ABOUT THIS EXERCISE » Scan the records below for the word "Property". Copy each line where it appears.

====== DATA FOR THE TASK ======

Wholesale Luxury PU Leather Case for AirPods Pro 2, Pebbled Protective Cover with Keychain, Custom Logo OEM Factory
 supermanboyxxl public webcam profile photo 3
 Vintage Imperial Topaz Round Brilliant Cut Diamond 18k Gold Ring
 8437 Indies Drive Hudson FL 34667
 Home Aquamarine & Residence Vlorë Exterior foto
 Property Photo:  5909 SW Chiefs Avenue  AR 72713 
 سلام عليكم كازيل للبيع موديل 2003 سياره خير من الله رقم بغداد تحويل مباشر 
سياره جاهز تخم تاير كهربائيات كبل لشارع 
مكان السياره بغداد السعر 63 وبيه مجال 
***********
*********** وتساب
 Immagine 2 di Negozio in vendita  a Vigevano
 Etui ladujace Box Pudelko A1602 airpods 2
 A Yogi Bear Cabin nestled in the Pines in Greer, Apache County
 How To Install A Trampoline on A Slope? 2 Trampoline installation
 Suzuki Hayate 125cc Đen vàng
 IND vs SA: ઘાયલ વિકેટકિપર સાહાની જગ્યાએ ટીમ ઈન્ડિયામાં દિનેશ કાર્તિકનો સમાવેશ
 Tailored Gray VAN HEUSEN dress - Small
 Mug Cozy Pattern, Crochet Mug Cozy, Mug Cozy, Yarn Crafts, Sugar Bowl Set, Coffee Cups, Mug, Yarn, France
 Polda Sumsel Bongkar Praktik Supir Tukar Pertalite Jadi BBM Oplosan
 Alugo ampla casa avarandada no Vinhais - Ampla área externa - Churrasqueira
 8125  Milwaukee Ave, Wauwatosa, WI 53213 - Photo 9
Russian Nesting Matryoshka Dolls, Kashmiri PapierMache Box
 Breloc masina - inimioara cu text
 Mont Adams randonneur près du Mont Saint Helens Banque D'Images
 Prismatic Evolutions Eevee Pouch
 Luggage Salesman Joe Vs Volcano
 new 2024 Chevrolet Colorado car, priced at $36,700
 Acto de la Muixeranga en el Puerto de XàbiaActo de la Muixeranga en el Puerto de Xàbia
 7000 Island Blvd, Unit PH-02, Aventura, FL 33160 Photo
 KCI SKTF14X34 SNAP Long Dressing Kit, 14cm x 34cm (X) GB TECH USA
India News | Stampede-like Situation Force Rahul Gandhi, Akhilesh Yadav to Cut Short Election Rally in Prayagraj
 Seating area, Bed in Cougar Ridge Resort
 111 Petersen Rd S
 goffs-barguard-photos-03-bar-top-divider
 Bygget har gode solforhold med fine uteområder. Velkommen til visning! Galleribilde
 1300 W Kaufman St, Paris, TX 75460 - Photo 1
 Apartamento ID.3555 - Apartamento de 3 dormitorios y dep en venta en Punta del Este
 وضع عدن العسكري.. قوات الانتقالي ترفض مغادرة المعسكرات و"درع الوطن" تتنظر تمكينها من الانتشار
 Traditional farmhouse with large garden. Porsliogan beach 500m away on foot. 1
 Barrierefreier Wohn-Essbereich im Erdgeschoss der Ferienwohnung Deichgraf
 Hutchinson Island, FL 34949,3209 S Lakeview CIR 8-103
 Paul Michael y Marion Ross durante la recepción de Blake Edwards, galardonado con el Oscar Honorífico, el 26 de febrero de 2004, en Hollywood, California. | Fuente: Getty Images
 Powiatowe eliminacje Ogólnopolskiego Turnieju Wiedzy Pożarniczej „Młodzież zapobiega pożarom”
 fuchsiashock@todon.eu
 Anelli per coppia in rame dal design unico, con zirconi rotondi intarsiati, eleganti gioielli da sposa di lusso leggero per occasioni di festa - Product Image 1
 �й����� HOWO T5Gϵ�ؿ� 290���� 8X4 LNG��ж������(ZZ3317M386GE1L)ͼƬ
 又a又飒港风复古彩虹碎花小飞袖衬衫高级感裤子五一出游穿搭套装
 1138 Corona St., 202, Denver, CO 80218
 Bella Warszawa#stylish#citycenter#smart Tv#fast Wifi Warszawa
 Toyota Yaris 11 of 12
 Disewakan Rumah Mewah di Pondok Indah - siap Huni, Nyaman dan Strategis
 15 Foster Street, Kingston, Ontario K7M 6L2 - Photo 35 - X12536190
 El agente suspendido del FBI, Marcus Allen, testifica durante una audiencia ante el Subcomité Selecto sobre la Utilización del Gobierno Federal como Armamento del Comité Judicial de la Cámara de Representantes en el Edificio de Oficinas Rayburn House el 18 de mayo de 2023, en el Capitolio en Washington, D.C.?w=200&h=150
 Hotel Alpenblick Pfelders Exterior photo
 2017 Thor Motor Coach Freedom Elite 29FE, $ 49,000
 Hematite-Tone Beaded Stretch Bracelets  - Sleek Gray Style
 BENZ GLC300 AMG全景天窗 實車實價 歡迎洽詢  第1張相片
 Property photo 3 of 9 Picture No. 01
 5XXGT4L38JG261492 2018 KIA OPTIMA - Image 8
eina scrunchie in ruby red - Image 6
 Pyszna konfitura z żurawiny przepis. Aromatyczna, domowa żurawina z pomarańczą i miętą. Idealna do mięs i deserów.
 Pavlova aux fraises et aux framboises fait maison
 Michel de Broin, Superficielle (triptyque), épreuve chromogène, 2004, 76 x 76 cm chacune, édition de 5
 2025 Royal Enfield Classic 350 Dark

======

EXERCISE RESULT »
 Property Photo:  5909 SW Chiefs Avenue  AR 72713 
 Property photo 3 of 9 Picture No. 01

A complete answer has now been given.